■ **Task details**:
Restate word for word only the lines running from the one with "570879 9 x 12" to the end of the data, both ends included. Omit any pictures.

■ **Data segment**:
┌──
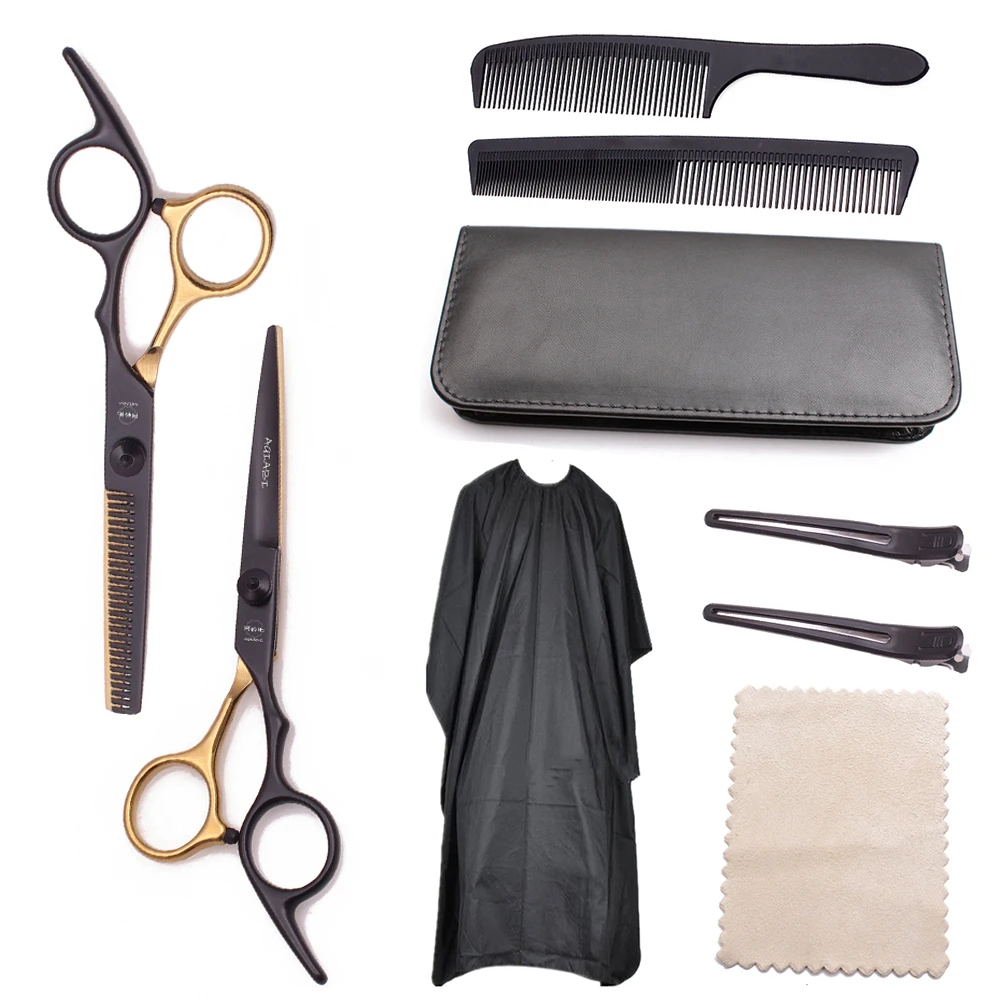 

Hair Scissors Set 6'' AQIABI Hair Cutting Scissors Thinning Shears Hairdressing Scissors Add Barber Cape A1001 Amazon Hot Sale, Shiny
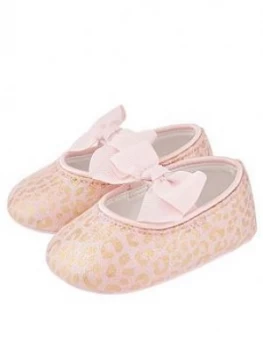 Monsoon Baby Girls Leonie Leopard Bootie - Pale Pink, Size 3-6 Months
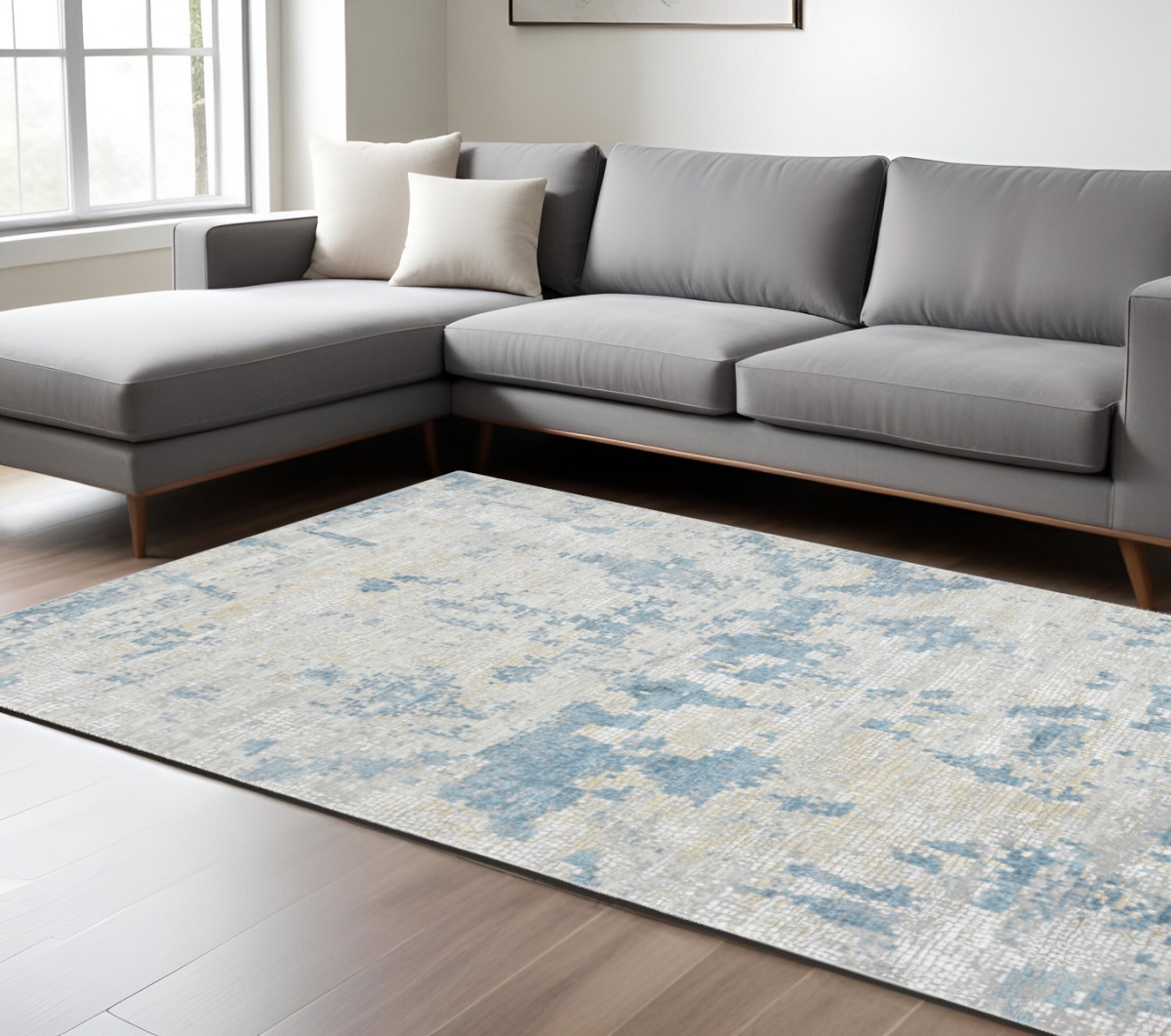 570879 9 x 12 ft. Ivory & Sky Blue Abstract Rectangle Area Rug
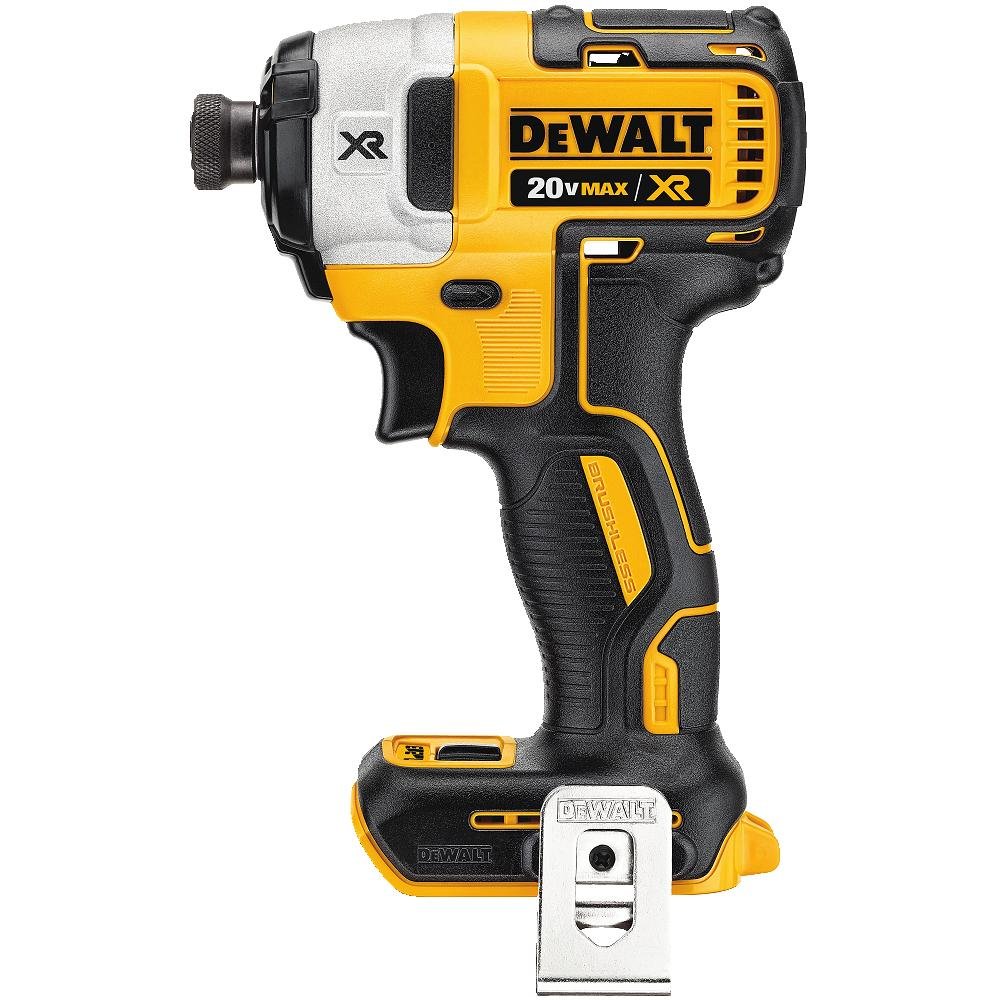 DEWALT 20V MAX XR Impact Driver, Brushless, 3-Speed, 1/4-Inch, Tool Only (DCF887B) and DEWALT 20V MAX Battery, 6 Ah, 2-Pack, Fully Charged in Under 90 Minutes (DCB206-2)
└──
■ **Your response**:
 570879 9 x 12 ft. Ivory & Sky Blue Abstract Rectangle Area Rug
 DEWALT 20V MAX XR Impact Driver, Brushless, 3-Speed, 1/4-Inch, Tool Only (DCF887B) and DEWALT 20V MAX Battery, 6 Ah, 2-Pack, Fully Charged in Under 90 Minutes (DCB206-2)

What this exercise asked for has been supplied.